Assignment
Print every line of the material below exactly as it stands, but omit the pictures.

Information provided
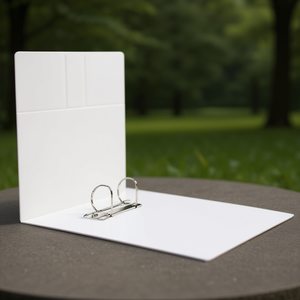 Carpeta de Anillas Soennecken Extra Ancha de 76 mm DIN A4, 2 Anillas, Mecanismo en D, Polipropileno Blanco para Presentaciones - Product Image 3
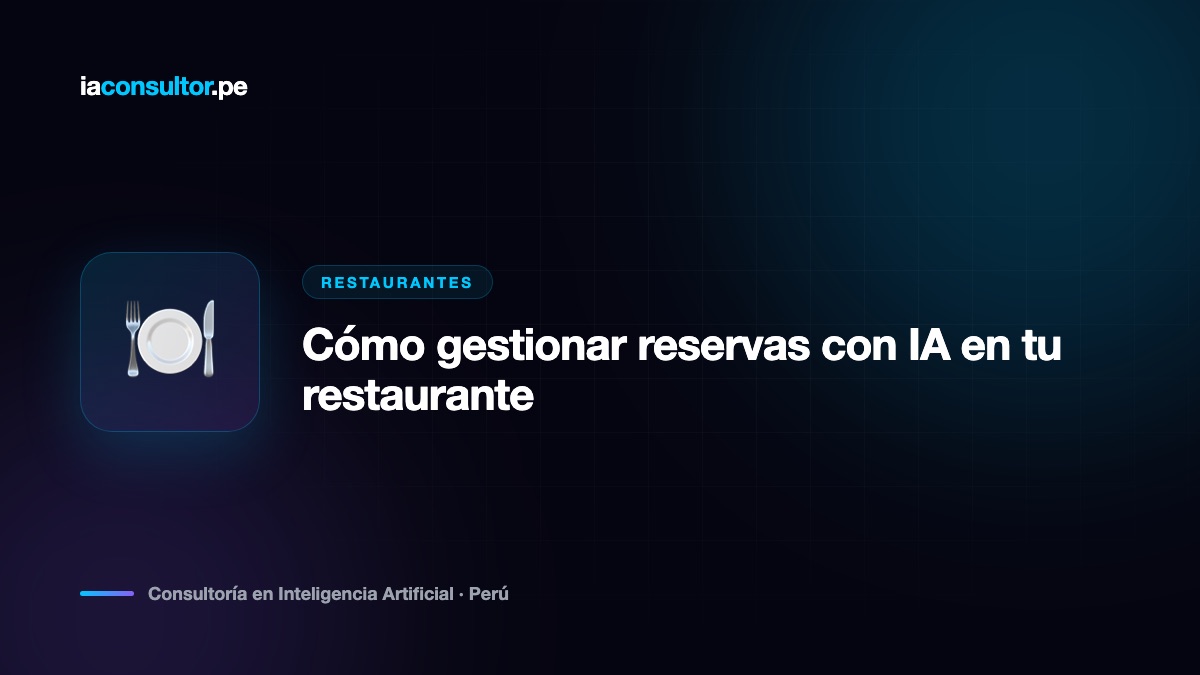 Cómo gestionar reservas con IA en tu restaurante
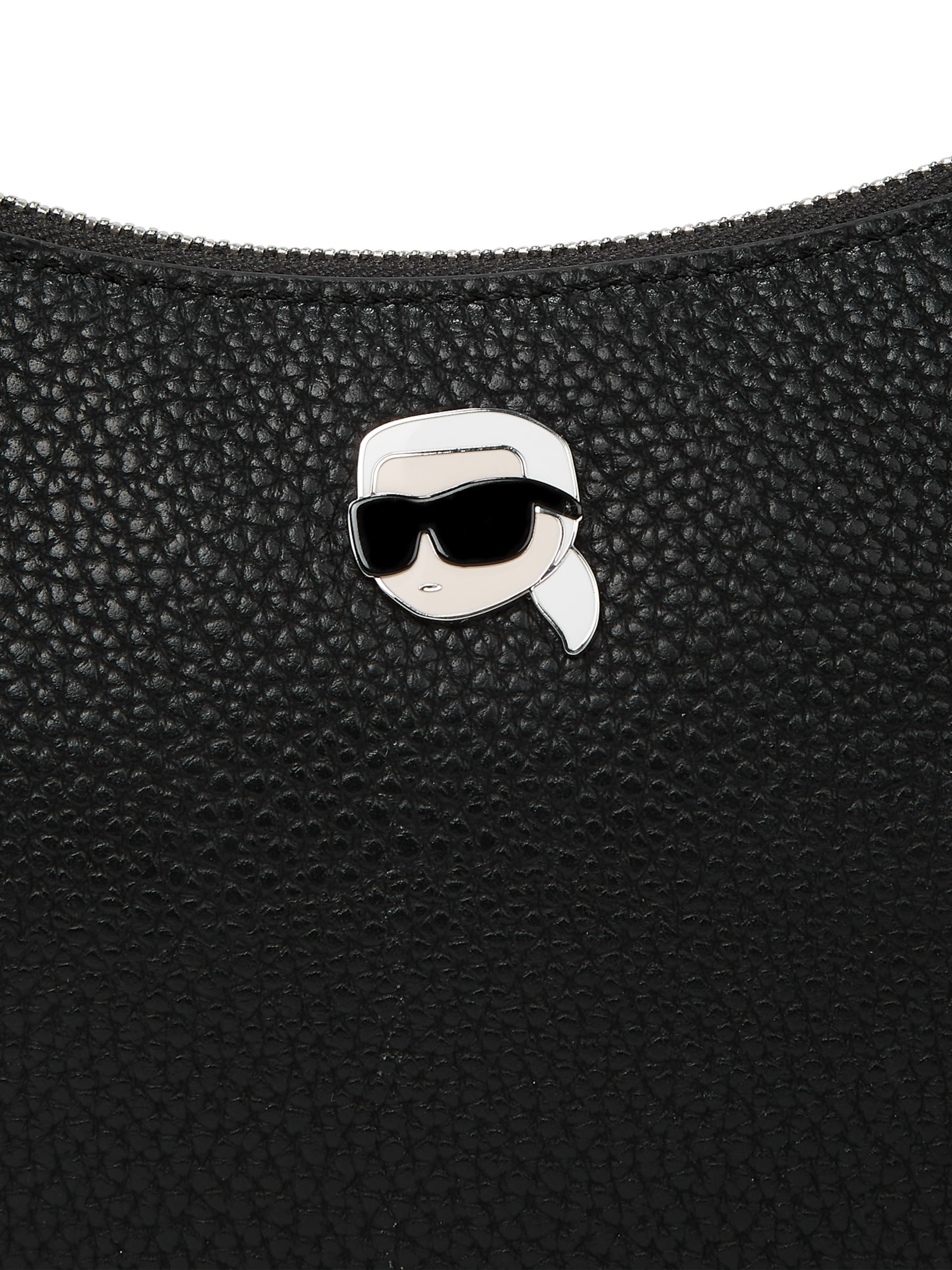 Karl Lagerfeld Torba za čez ramo 'Pebble' | črna barva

Response
 Carpeta de Anillas Soennecken Extra Ancha de 76 mm DIN A4, 2 Anillas, Mecanismo en D, Polipropileno Blanco para Presentaciones - Product Image 3
 Cómo gestionar reservas con IA en tu restaurante
 Karl Lagerfeld Torba za čez ramo 'Pebble' | črna barva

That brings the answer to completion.